Monday, Jan. 29, 1940

Before a Fall

Last week a dark-haired man with crooked mouth and sombre eyes slouched glumly into a Manhattan courtroom. He was Earl Russell Browder, the nominal leader* of U. S. Communists, and he was in a fix.

A trio of reformed Comrades (including an oldtime Soviet gumshoe artist, Nicholas Dozenberg) testified that Comrade Browder had forged names to three U. S. passports since 1921. Each of these offenses (as Comrade Browder admitted) occurred more than seven years ago, hence could not be directly prosecuted. So the Government got at Earl Browder indirectly, showing that, when he applied for a later passport in his own name, he denied ever having had a passport before.

Defendant Browder's lawyer was famed, white-haired George Gordon Battle. To call Earl Browder's evasion criminal fraud, roared Mr. Battle, was "flimsy, uncertain, vague, clumsy, meaningless interpretation of words." To this roar, Attorney Battle added no defense testimony whatsoever, did not even offer a defense summation. Defendant Browder instead chose to plead his own case, ably belabored the technical charge on which he was spitted. Said he in conclusion:

"I am a Communist. I am general secretary of the Communist Party. There is no secret about my trips to Europe. I am a Communist and I am proud of it."

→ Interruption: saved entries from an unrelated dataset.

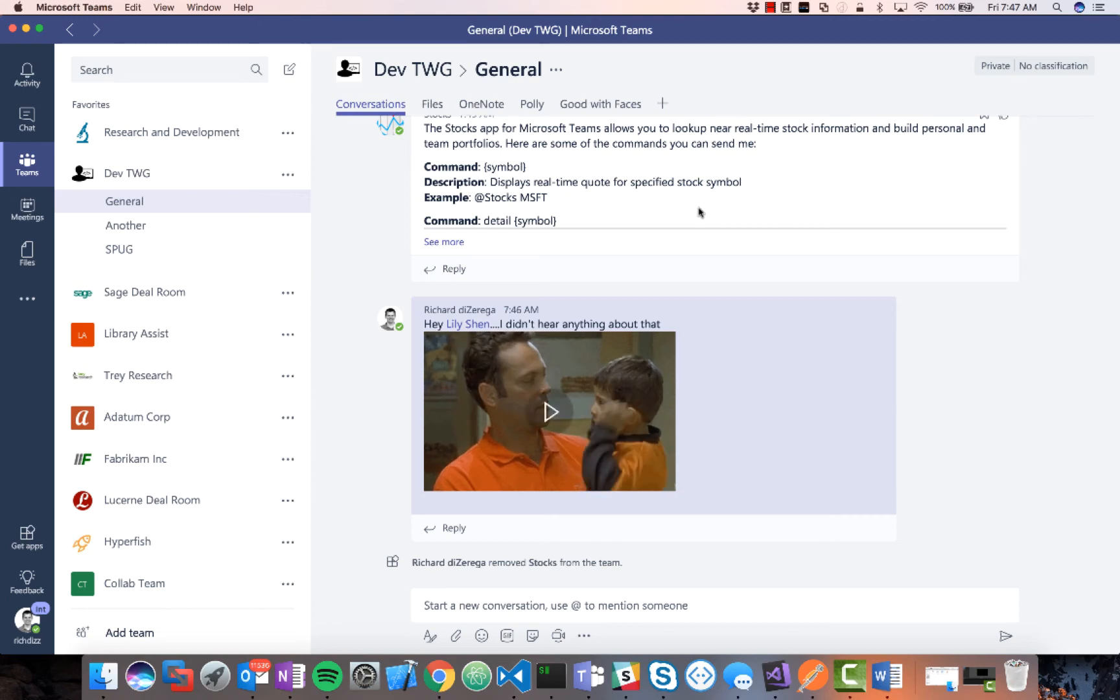Hi, this is Richard Dezerga from Microsoft, and in this video I'm going to demonstrate a solution that showcases all the different extensibility features of Microsoft Teams.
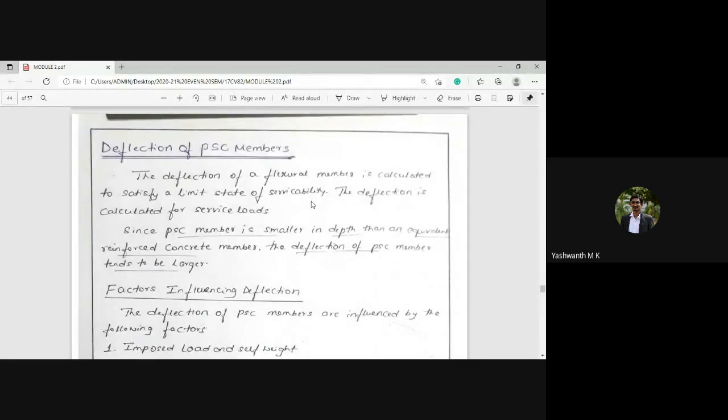Welcome to the next session of the Design of Prestressed Concrete Elements course. In the last session we were discussing module number two, in which we discussed the loss of prestress in the PSC member. So let us move to the next part of module number two.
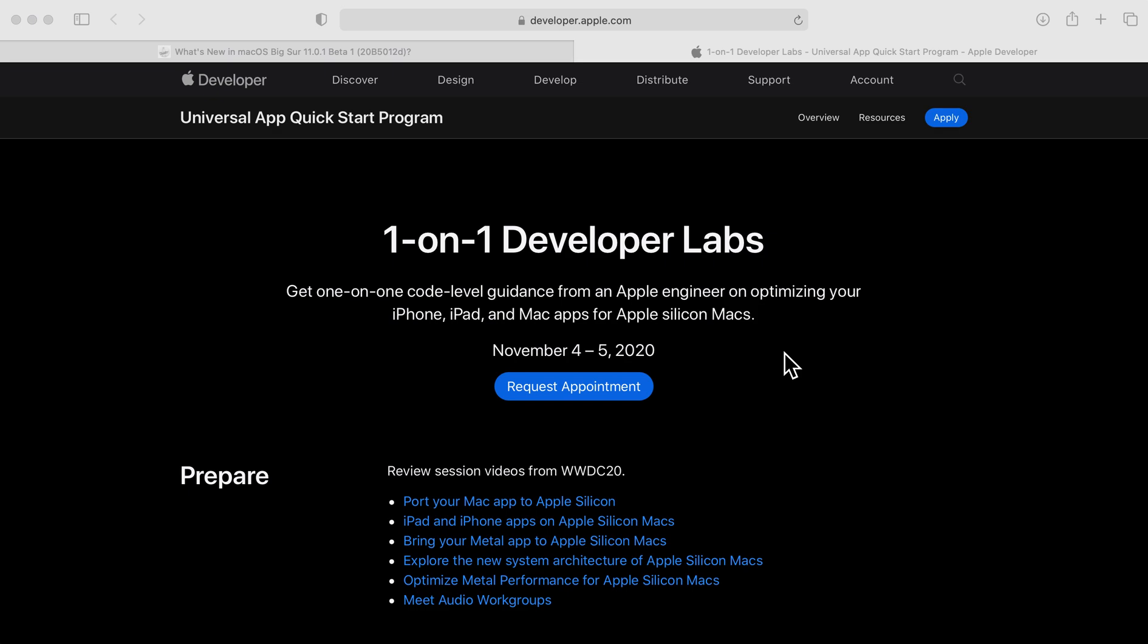If you are a member of the Universal App Quick Start program, which is the Developer Transition Kit Mac Mini Apple Silicon Developer Unit, you've been invited to a one-on-one developer lab.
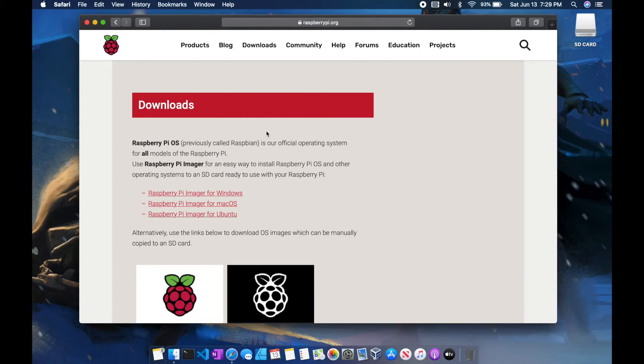And then select the OS of choice for Raspberry Pi Imager. Today I'm using macOS, so I'll be selecting the macOS download link.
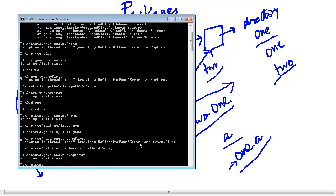This is how you can properly set the class path. Once you know the concept of the class path, you can set it correctly for any class. In our next lecture we will continue further with packages.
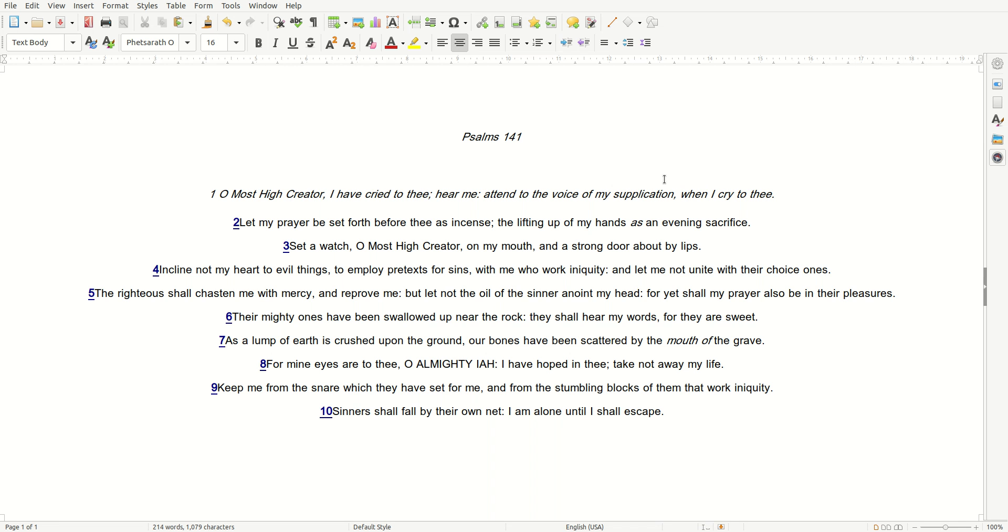The righteous shall chasten me with mercy, and reprove me. But let not the oil of the sinner anoint my head. For yet shall my prayer also be in their pleasures. Their mighty ones have been swallowed up near the rock. They shall hear my words, for they are sweet.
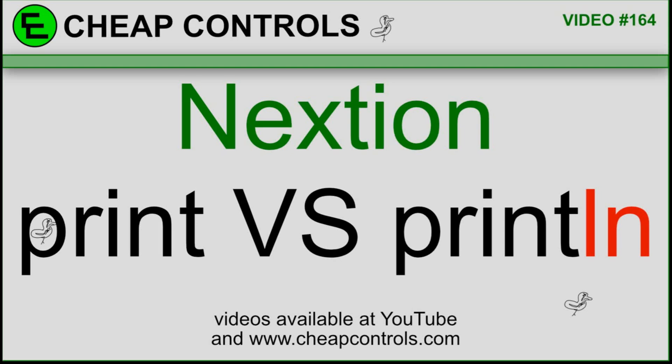This is a follow up video to video number 163 where I went over the send me command. I kept using println instead of print and had some weird errors. I began to wonder why it didn't work because the only difference between print and println is you're attaching a carriage return and a new line.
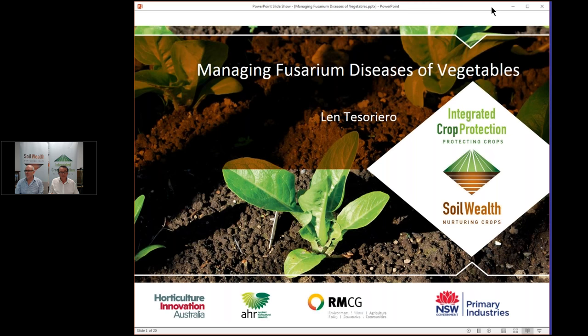Good afternoon and welcome to the Fusarium webinar presented today by Dr. Len Tesserero. This webinar is part of the Soil Wealth, Integrated Crop Protection and Soil-Borne Disease projects and it's the fourth webinar in the series around disease. The other ones were on Arpitium, another one on Sclerotinia and a third one on Nutrition and Disease. Those recordings are available on the Soil Wealth Integrated Crop Protection website — just Google Soil Wealth and you'll find them there.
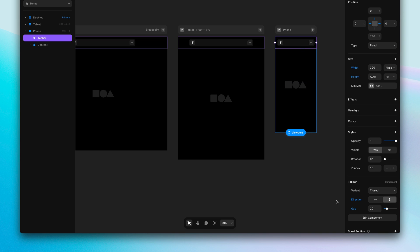These are properties that we have overridden within this breakpoint, meaning the values are not the same as they are in the primary breakpoint, which in this case is the desktop breakpoint.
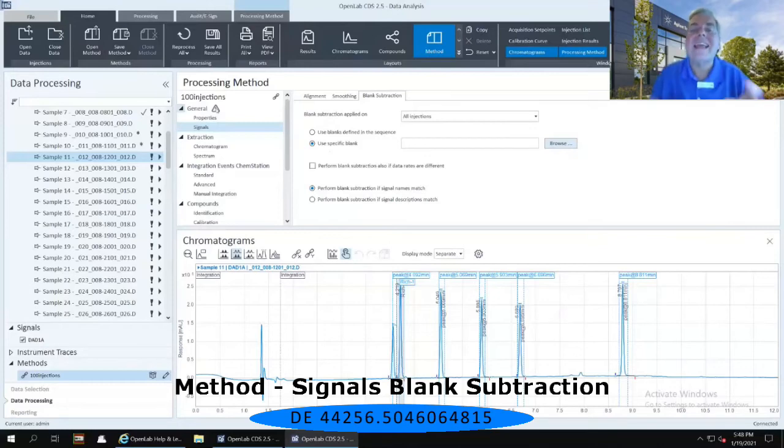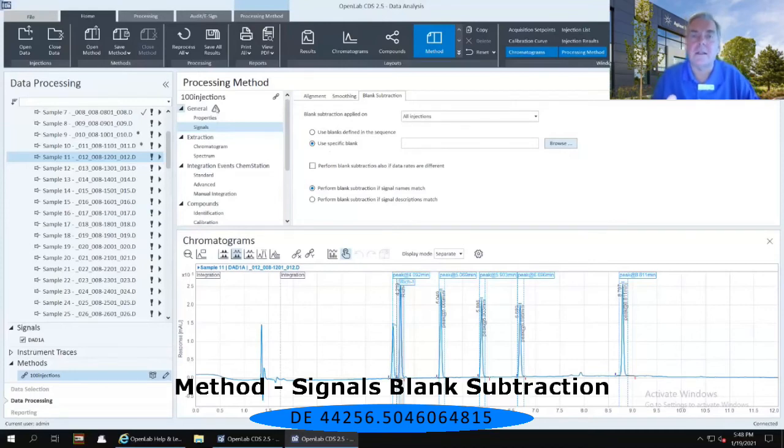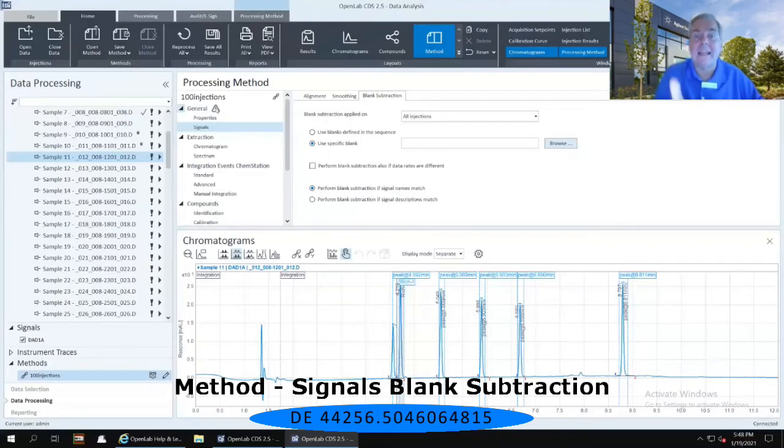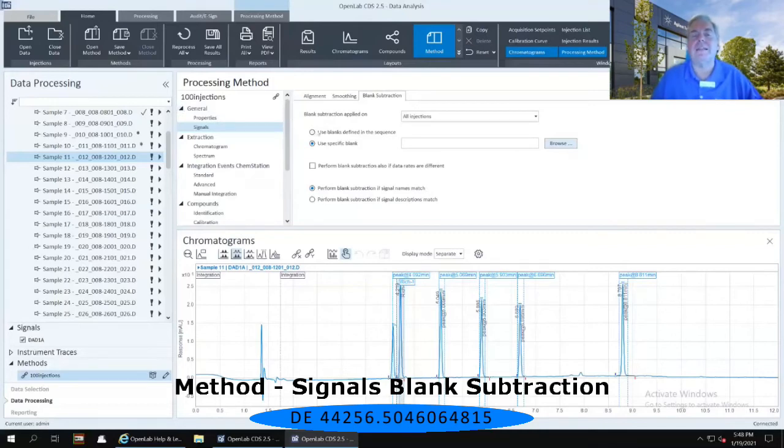So therefore, I can't use this process to subtract a specific blank from the other samples because a blank is not apparent in any of these injections. So I'm going to reselect the use blanks defined in the sequence first.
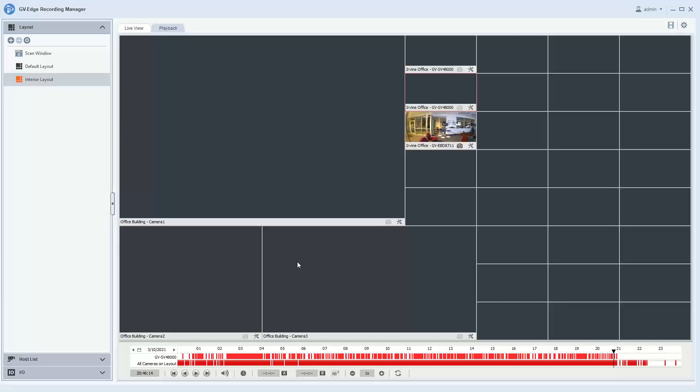This has been a video of the Edge Recording Manager 2.0 software showing how to create layouts. For further information on our product line, please check us out at www.geovision.com.tw.us. Thanks a lot for watching.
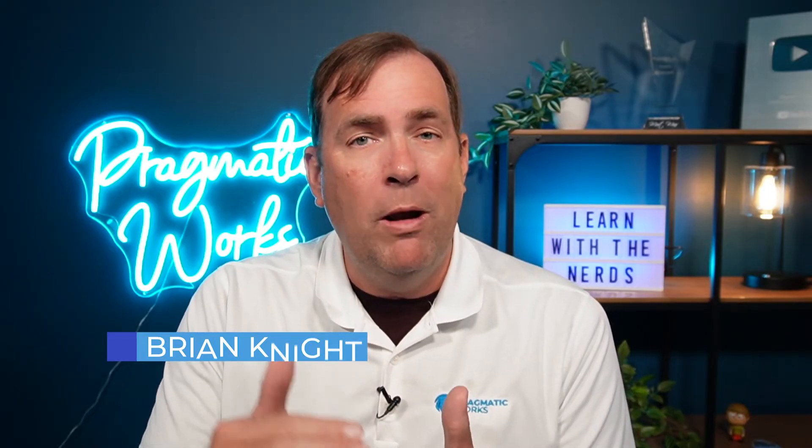Hey Power Appers! This is Brian Knight from Pragmatic Works. Are your developers and admins struggling with deployment of your assets from development to QA to production? Well, in this video, we're going to show you how to simplify that with pipelines. So stay tuned.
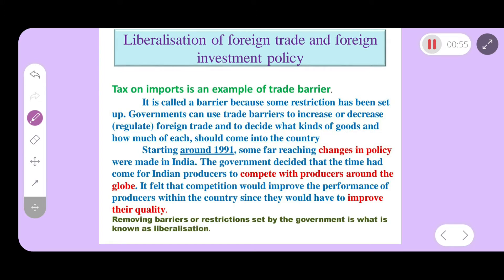The government decides what kind of goods and how much of each should come into the country. Starting around 1991, some far-reaching changes in policies were made in India. Rules and regulations were decreased and trade barriers were reduced.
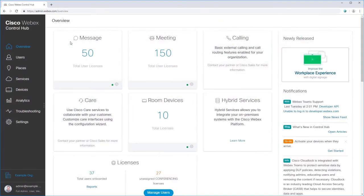Let me show you how to use the Diagnostics capabilities within ControlHub. Diagnostics helps you troubleshoot WebEx quality of service issues by providing detailed insight into what's happening in the meeting.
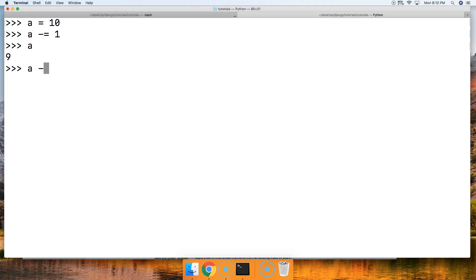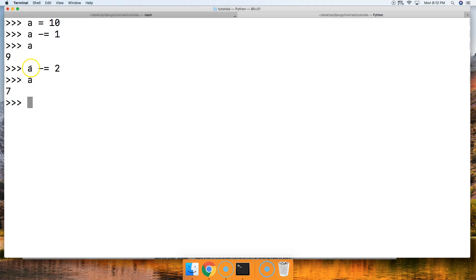Let's take a look at one more example. a minus-equals 2. a is equal to 7. So a was 9, we subtract 2, and then we assign a to represent that new value, which is 7.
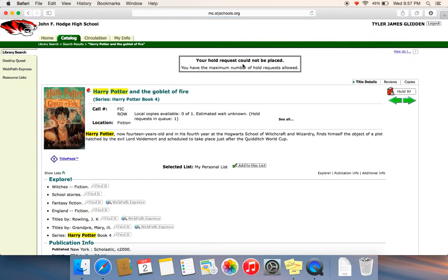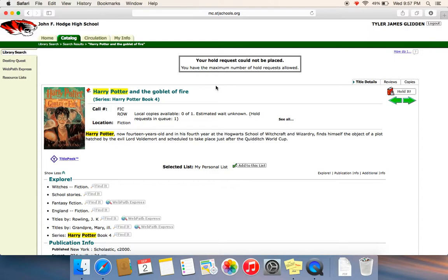It says up here it cannot be placed. That's because I already have a book on hold. I did that earlier. So you can only do one book at a time. And that's it. See you guys later. Check it out. Bye.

Ahead of proud Mr. Browder if this plea failed was his second prison term (his first: three years for conscientious objections to World War I). After pondering the evidence for 45 minutes, the jury found him guilty, and the judge promptly sentenced him to two years in prison on each of two counts, a $2,000 fine. Pending appeal, Comrade Browder remained free on bail, left the courtroom to attend a Communist commemoration of the 16th anniversary of Lenin's death.

* Department of Justice investigators believe that Earl Browder is a mere frontman, are not sure whom to call Joseph Stalin's chief deputy in the U. S. Nominated for this honor last week (by ex-Communist Benjamin Gitlow, in a book called I Confess) was comrade Jack Stachel, who recently skedaddled from Manhattan to parts unknown.